Bei mir ist auch eine zweite mit einer anderen Vertragsnummer gekommen...die sind doch total verrückt!


----------



## Reducal (9 Juni 2012)

Das ist keine Kettenmail sondern ein elektronischer Serienbrief. Natürlich sind die Vertragsnummern und die Empfängerdaten unterschiedlich.


pigah schrieb:


> ...die sind doch total verrückt!


Die ist ein DER und der ist bekannt dafür, dass er nicht so ist wie ihn andere gern hätten. In anderen Kulturen hätte man solche Idividuen längst in die Wüste geschickt aber wir haben ja hier einen Rechtsstaat, einen in dessen weiten Grenzen jeder machen kann, was er will.


----------



## Almeen (10 Juni 2012)

Also am Interessantesten finde ich, dass diese Mail plötzlich nicht mehr von einem Inkassounternehmen kommt, sondern von der Buchhaltung...


----------



## Reducal (10 Juni 2012)

Man versucht nachzuernten, dazu braucht es kein Inkassogeblubber. Außerdem ist die Frage durchaus berechtigt, ob man überhaupt eine Inkassoklitsche zur Verfügung hat.

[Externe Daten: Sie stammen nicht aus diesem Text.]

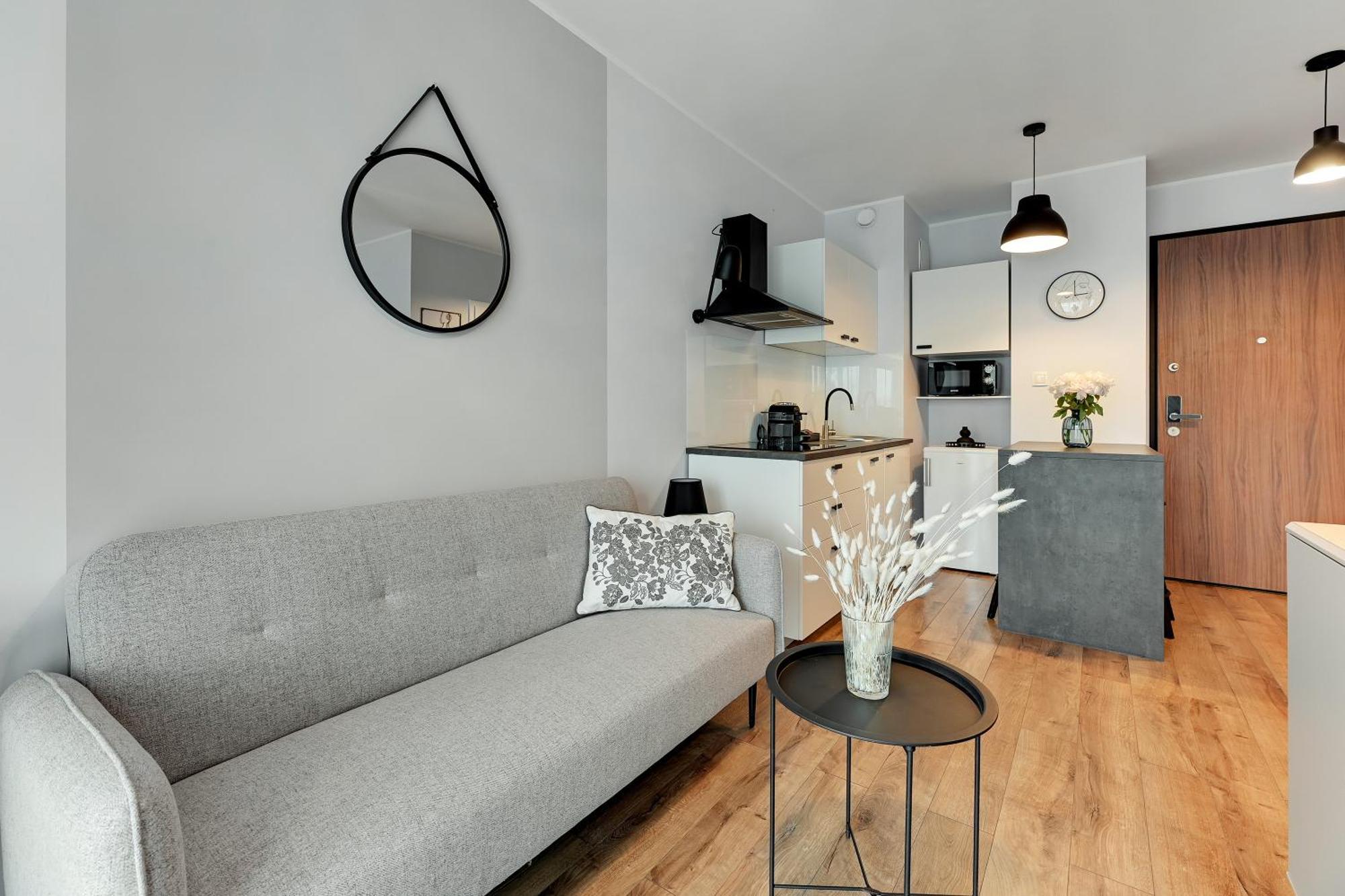 Nadmotlawie Riverside & Gym By Downtown Apartments Gdańsk Quarto foto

Wenn einer keiner seriösen Tätigkeit nachgeht sondern der Lebensunterhalt sich überwiegend auf solche neumodische Weglagerei beschränkt, dem geht irgendwann auch mal die Kohle aus. Also muss neue her und was eignet sich da besser als auf altbewährte Strategien zurück zu greifen.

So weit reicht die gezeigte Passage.